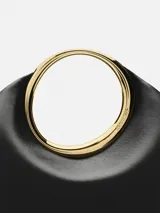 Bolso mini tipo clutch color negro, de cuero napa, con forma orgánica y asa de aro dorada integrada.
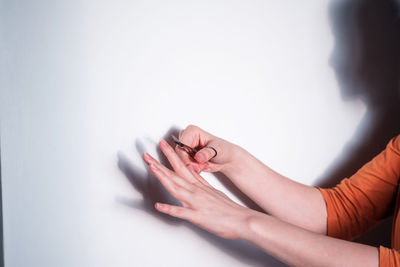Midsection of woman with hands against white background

● ● ● ● ●

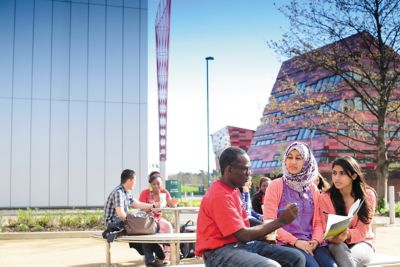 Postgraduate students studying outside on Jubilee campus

● ● ● ● ●

:: Instructions to follow ::
Within the material above, only the stretch from the line holding "Bolso mini tipo" through the line holding "Midsection of woman" is to be restated exactly. Pictures are dropped.

:: Output for this task ::
 Bolso mini tipo clutch color negro, de cuero napa, con forma orgánica y asa de aro dorada integrada.
Midsection of woman with hands against white background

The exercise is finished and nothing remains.